Rezensionsnotiz zu Neue Zürcher Zeitung, 11.03.2008

2005 wollte die enttäuschte amerikanische Kritik Cormac McCarthys jüngsten Roman "No Country for Old Man" höchstens als Vorlage für einen Actionthriller gelten lassen, erinnert Michael Schmitt. Nun erscheint die deutsche Übersetzung tatsächlich kurz nach der Oscar-prämiierten Verfilmung und kann sich ohne Weiteres gegenüber dem Film behaupten, versichert der Rezensent.

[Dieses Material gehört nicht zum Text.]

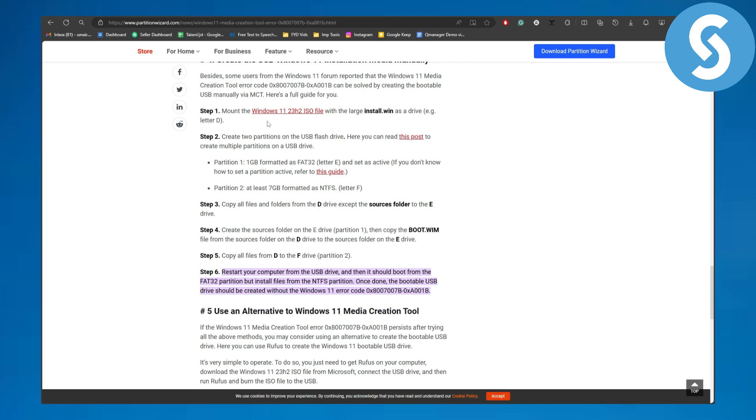Now first, the first thing that you can do is simply mount Windows 11 24H2 ISO file with larger install.wim as drive, with the large one as a drive like for example the letter D that we normally use on drives. Then create two partitions on the USB flash drive.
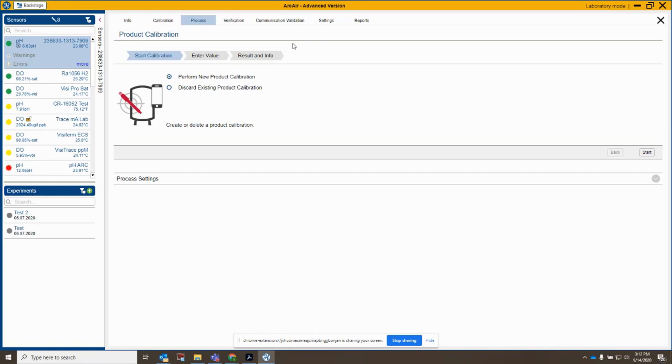So that is two-point and single-point product calibrations. And please let me know if you have questions.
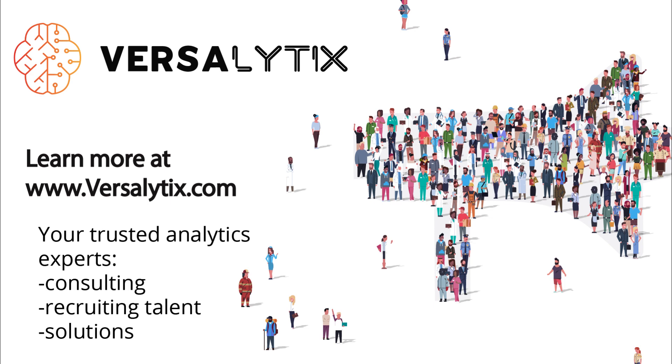We founded Versalytics with a mission to help people be successful with analytics. We accomplish this through consulting, helping our customers find great talent for their organization, and providing end-to-end solutions like you just saw in this video, with a lot more to come.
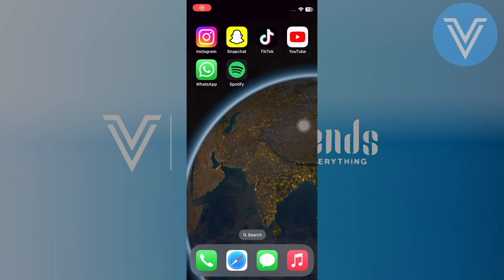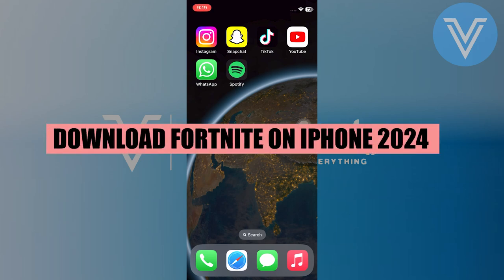Hello everyone and welcome to the channel! In this video I will show you exactly how to download Fortnite on iPhone.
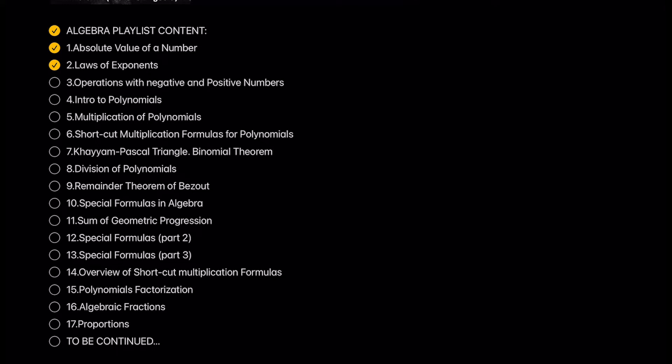Laws of exponents. Here we will define, show, and prove basic laws of exponents.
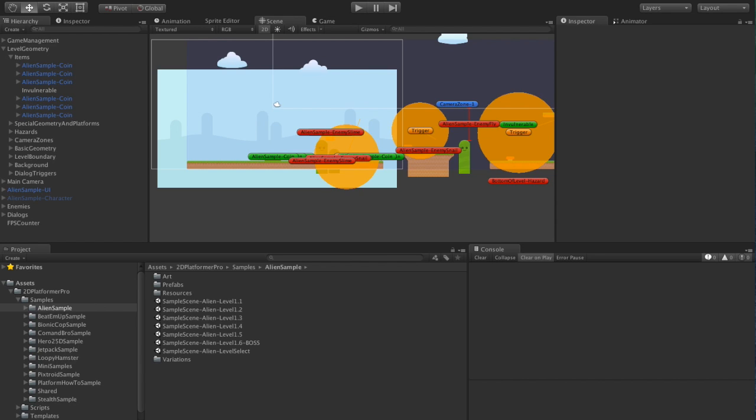Note that it really only tracks on and off, there is one field for extra data but it doesn't track things like positions. So it's a very simple system but it works quite well in a lot of contexts. Let's take a look, this is just alien sample level 1.1.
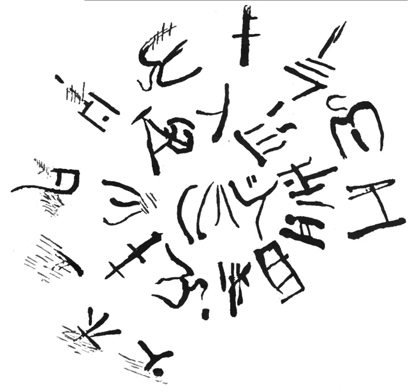Linear A has been unearthed chiefly on Crete, but also at other sites in Greece, as well as Turkey and Israel. The extant corpus, comprising some 1,427 specimens totaling 7,362 to 7,396 signs, if scaled to standard type, would fit easily on two sheets of paper.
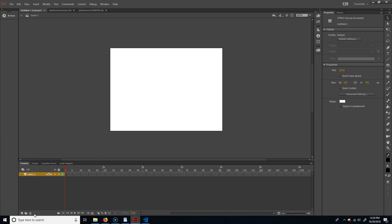This is a video tutorial on how to create a platforming game inside of Adobe Animate — previously Adobe Flash, previously Macromedia Flash. This is going to be ActionScript 3.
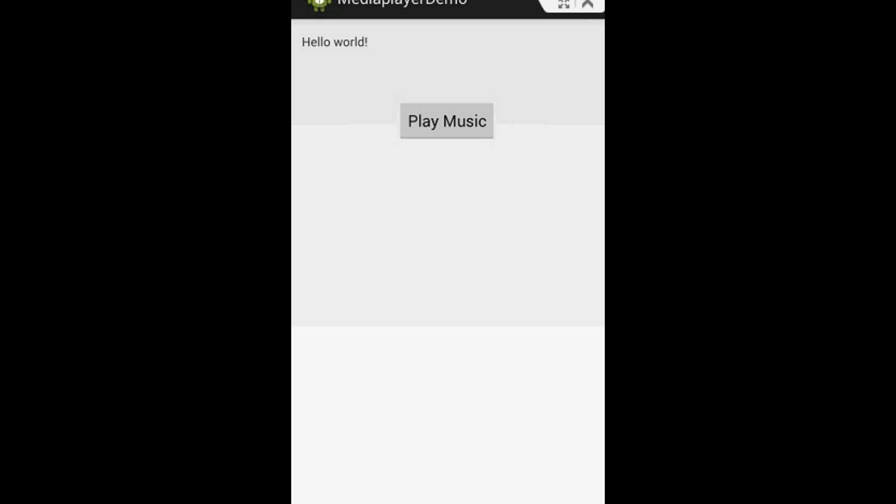Okay. This is how we play a music file from a remote server in an Android application. I hope you enjoyed this video. Thank you for watching and see you in the next episode.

Wenn man dem Buch, in dem der Vietnamveteran Llewellyn Moss 2,4 Millionen Dollar Drogengeld findet und daraufhin von Berufskiller Anton Chigurh gejagt wird, die Handlungslastigkeit vorwirft, übersieht man geflissentlich die melancholisch-philosophischen Fragestellungen, mit denen sich - wie übrigens schon die Hauptfiguren von McCormacks früheren Büchern - die Protagonisten herumschlagen, meint der Rezensent. Er räumt ein, dass der oberflächliche Eindruck vor allem vom blutrünstigen Gemetzel dominiert wird, das der Auftragskiller entfesselt. Doch versichert Schmitt, dass sich der Roman bei näherem Hinschauen als so etwas wie eine eindrucksvolle "Fortschreibung von Samuel Becketts "Endspiel"" entpuppt, die hin und wieder "düsteres Lachen" provozieren wird.